Hierarchical Reinforcement Learning with the MAXQ Value Function Decomposition

Paper authors: Thomas G. Dietterich, 2000, Link to paper
Post author: Federico Taschin

A hierarchical policy is a policy in which actions can represent sub-tasks with their own policy. This paper presents a new approach, the MAXQ decomposition, to decompose the Value Function for a given hierarchical policy in a recursive fashon. It formally defines the MAXQ hierarchy, provides conditions for using state abstractions, and a model-free online learning algorithm that converges to a Recursively Optimal Policy.

Idea

Define a hierarchical abstraction of how the agent should behave:

The programmer must decompose the target MDP into smaller MDPs (sub-tasks) with different levels of abstraction. One example is the Taxi Navigation problem in Figure 1. Each sub-task defines a sub-goal.

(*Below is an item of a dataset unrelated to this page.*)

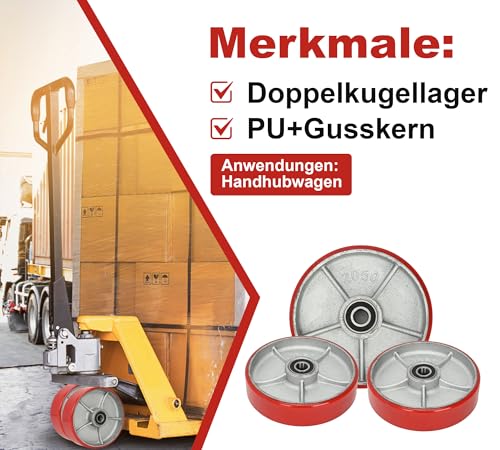 bimiti 2 Stück Hubwagenrollen Polyurethane/PU Ø200 x 50 mm, Achse 20 mm inkl. Kugellager Rollen für Hubwagen Ersatzrollen, Swivel Castor for Pallet Trucks,Max. Belastung 3000 KG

Figure 1: Taxi navigation problem decomposed into smaller sub-problems

Figure 1: Taxi navigation problem decomposed into smaller sub-problems

Such subtasks represent smaller MDPs and can have a smaller state and action space. Each subtask defines its:

  • Termination states: When the subtask reaches these states, it terminates
  • Actions: They can be primitive actions or other subtasks. This induces a graph of subtasks that must not contain any cycle.
  • Pseudo-rewards: Rewards obtained by ending up in termination states. They are generally 0 for each terminal sub-goal state and negative for terminal non-goal states.

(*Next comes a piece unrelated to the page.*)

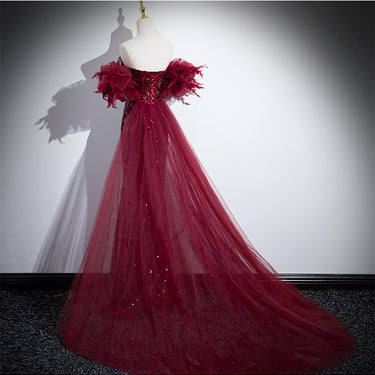 Wedding Red Formal Fishtail Sequins Evening Dress - MVRX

The MAXQ decomposition for a hierarchical policy $\pi$ decomposes the action-value function of a states $s$ in subtask $M_i$ as

\begin{equation} Q^{\pi}(i, s, a) = V^{\pi}(a, s) + C^{\pi}(i, s, a) \end{equation} where $V^{\pi}(a, s)$ is the Projected Value Function and represents the cumulative reward of sub-task $M_a$ starting in $s$ until it terminates, and $C^{\pi}(i, s, a)$ is the Completion Value Function that represents the cumulative reward of continuing sub-task $M_i$ after having taken sub-task $M_a$ in state $s$.

Learn the whole hierarchy

  • Recursive TD updates of Completion Function: The hierarchical policy is learned all together by recursively updating subtasks. For each subtask we learn two different Cmpletion Functions: one used internally to optimize the subtask taking into account pseudo rewards and one used externally to update parent tasks using environment rewards.
  • All states updates and all goal updates can speed up the learning process but must be used carefully.

Contribution

  • Theoretical foundation: This paper provides useful theory on learning with hierarchical policies and state abstraction.
  • Context-free learning: Optimizing for a Recursively Optimal Policy allows to learn a sub-task independently from its parent task. This way subtasks to be shared and reused in the hierarchy.
  • Multi-level hierarchies: The MAXQ decomposition allows an arbitrary number of layers, differently from the standard Options framework that allows only two layers, and requires sub-policies to be pre-defined.

Weaknesses

  • Subtasks define their own termination states: But since they have a smaller state representation, this makes impossible to terminate the execution of a subtask from a parent tasks, for example, due to conditions that rely on a part of the state space not visible to the subtask. This goes agains the key intuition that subtask need a smaller state representation.
  • Pseudo-reward is only related to subtask termination: A pseudo reward is awarded whenever we reach a termination state. This is a great limitation as we could want to introduce rewards that help learning the subtask but we do not want to count in the value of the parent task.
  • Inefficient subtask parameter learning: Accordning to the paper, subtask parameters are treated as completely separate subtasks for each possible parameter value. E.g. if the Navigate task of Figure 1 can be called with the destination as parameter, we would need to learn a policy for each possible destination.